On Saturday, I’m mowing for a client, everything’s going great. But the mower then starts to stutter, wheeze and cough. I notice oil has suddenly begun to leak, and clouds of whitish smoke belched from the machine.

You can tell how smart I am because I knew immediately something was wrong. Perceptive, aren’t I?

I was almost done with the lawn, so I struggled with the mower and finished the job. But I have another lawn to mow, plus my own.

The Boy Scout in me says “Be prepared.” I was prepared with a back-up mower stored in my shed, to help me through just this situation.

Darlusz the Polish frog looks doubtfully at my bad, jury-rigged repair try on a broken lawn mower handle.

Of course said back-up mower is really iffy. I bought it new a couple years ago on a Home Depot gift card. The mower was a lemon. I didn’t realize when I put oil in it the first day I had it that there was a flaw that prevented the oil from lubricating the engine. That would be a problem, so I screwed it up.

Home Depot would not let me return the mower, even though the problem was the manufacturer’s fault. That’s a long story, so I’ll let it rest.

I did get it fixed, so the back up mower kind of runs.

But of course there’s a lot of other things wrong with the mower. When I pulled it from the shed Saturday afternoon, a bolt that holds the handle onto the machine snapped like a dead, dry twig.

Darlusz Zabagaiski, the Polish frog that lives here at my house was watching the whole thing.

“Dat not goud,” he said. Darlusz has a keen sense of the obvious.

By this time, the hardware stores were closed, so I couldn’t buy nuts and bolts to fix it. “I’m a Vermonter, we’re famous for jury rigging things, I’ll just rustle around my work bench and find something to put things together,” I told Darlusz.

He looked dubious.

My options turned out to be very limited. The best I could do is take a big screw out of a Christmas tree stand, one of those screws that holds the tree in place.

I used the Christmas tree stand screw to connect the handle to the machine, but I had nothing to hold the bolt in place. So I resorted, to, yes, duct tape and string.

“Oh, dat iz ugly,” Darlusz said.

“Since when do I have to be Martha Stewart to mow the lawn,?” I snapped.

The job did look like something out of the Web site “There, I Fixed It,” which chronicles spectacularly amateurish and weird repair jobs. But desperate times call for desperate measures.

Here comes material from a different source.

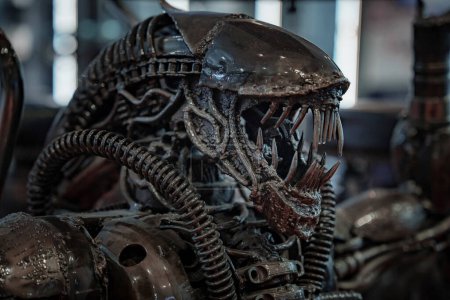 Photo for Slightly dusty xenomorph Alien statue by Eaglemoss collections on black background, designed by Hans Rudolf Giger for the 1979 film - Royalty Free Image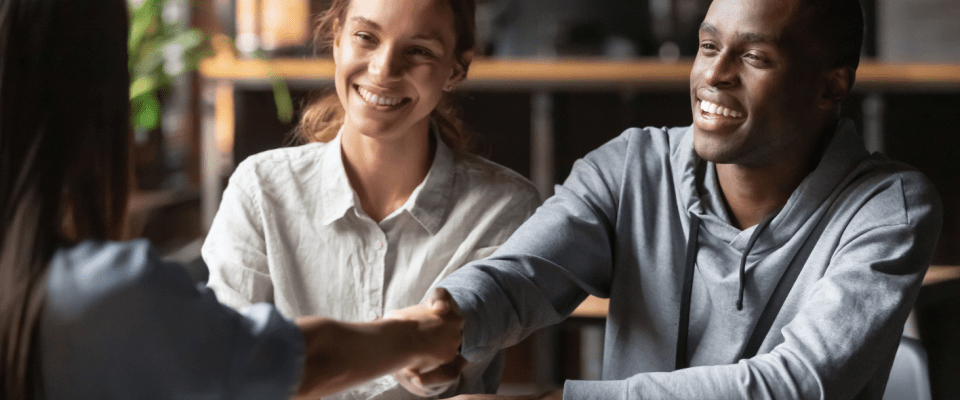 A happy young couple sitting at a desk and shaking hands with their landlord or property manager after agreeing on the terms of renters insurance required by the landlord.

It actually worked for awhile but kept coming undone. At this point, Darlusz knew better than to say anything.   He went out onto the deck and watched me get more and more frustrated.  Finally, with the lawn two-thirds done, I gave up.

Darlusz knew what to do. By the time I got back in the house, he had an ice cold beer ready for me. I downed almost all of it in one swig.

Oh well. There’s a heat wave settling in, and the National Weather Service in Vermont says not to exert yourself outside this week. So I’ll see if the original lawnmower can be fixed (doubtful) and I’ll try to do better repairs on the backup.

The lawns can wait until it cools down, I cool down and the mowers cooperate.

2 Responses to “My Mowing Crisis”

  1. Jeff Says:

    That Darlusz, he’s a smart frog. We can all learn from him.

  2. kim Says:

    I am going to promote the desert look! Lots of sand and mesquite….I’m so sick of mowing and trimming!!!